Directions
Using the entries below, write out the line with "Powerpuff Girls names", the line with "Hå sokneprestkontor, SAST/A-101801/001/30BB/L0006: Parish", and every line in between, exactly as each is written.

(Records drawn from a dataset)
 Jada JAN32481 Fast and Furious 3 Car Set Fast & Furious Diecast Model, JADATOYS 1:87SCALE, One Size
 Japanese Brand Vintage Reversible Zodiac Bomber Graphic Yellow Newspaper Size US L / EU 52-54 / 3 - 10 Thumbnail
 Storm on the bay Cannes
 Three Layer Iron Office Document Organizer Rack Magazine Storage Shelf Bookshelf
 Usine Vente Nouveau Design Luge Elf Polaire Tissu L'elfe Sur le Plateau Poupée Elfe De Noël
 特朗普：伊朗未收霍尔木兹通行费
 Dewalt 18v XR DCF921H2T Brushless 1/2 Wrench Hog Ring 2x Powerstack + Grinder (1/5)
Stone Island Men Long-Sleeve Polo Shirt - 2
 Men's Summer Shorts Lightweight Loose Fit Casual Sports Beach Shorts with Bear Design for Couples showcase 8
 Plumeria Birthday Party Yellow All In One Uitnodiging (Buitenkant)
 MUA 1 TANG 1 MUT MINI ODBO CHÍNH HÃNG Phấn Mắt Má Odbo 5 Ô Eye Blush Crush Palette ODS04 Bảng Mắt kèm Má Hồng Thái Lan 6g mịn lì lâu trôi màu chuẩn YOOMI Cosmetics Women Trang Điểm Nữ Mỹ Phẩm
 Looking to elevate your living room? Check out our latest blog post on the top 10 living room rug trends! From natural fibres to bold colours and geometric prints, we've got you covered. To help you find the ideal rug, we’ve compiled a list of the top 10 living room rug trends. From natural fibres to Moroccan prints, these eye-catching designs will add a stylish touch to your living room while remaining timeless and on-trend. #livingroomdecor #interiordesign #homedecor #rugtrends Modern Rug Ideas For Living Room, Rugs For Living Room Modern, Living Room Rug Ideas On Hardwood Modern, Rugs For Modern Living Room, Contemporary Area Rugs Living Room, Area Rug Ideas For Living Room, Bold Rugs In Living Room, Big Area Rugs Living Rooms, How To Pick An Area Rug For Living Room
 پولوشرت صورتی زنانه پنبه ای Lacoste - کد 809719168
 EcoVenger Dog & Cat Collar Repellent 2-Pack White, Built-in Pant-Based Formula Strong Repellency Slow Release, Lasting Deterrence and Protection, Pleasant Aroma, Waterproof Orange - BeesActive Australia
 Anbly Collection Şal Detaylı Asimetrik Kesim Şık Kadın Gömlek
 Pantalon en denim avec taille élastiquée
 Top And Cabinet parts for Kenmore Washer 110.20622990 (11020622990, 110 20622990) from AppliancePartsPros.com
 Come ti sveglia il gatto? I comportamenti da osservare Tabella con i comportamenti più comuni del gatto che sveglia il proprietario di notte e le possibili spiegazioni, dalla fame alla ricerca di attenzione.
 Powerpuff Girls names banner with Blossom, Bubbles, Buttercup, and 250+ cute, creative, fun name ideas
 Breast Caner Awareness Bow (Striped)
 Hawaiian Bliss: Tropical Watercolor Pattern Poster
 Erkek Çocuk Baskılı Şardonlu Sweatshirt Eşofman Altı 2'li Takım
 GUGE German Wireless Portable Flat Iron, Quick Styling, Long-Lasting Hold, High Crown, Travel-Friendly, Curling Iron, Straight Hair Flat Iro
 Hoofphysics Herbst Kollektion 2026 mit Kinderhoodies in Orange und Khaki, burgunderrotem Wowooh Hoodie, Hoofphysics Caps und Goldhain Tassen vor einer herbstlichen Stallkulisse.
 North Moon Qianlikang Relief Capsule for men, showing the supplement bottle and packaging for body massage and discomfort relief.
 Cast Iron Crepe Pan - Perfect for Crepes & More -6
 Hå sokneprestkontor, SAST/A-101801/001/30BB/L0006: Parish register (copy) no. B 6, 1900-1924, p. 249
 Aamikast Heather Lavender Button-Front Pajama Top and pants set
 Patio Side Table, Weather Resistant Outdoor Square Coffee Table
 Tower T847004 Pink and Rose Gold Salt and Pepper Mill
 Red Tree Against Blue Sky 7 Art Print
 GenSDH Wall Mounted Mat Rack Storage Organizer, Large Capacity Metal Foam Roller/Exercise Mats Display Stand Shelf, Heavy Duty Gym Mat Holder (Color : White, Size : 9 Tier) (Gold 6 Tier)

Task output
 Powerpuff Girls names banner with Blossom, Bubbles, Buttercup, and 250+ cute, creative, fun name ideas
 Breast Caner Awareness Bow (Striped)
 Hawaiian Bliss: Tropical Watercolor Pattern Poster
 Erkek Çocuk Baskılı Şardonlu Sweatshirt Eşofman Altı 2'li Takım
 GUGE German Wireless Portable Flat Iron, Quick Styling, Long-Lasting Hold, High Crown, Travel-Friendly, Curling Iron, Straight Hair Flat Iro
 Hoofphysics Herbst Kollektion 2026 mit Kinderhoodies in Orange und Khaki, burgunderrotem Wowooh Hoodie, Hoofphysics Caps und Goldhain Tassen vor einer herbstlichen Stallkulisse.
 North Moon Qianlikang Relief Capsule for men, showing the supplement bottle and packaging for body massage and discomfort relief.
 Cast Iron Crepe Pan - Perfect for Crepes & More -6
 Hå sokneprestkontor, SAST/A-101801/001/30BB/L0006: Parish register (copy) no. B 6, 1900-1924, p. 249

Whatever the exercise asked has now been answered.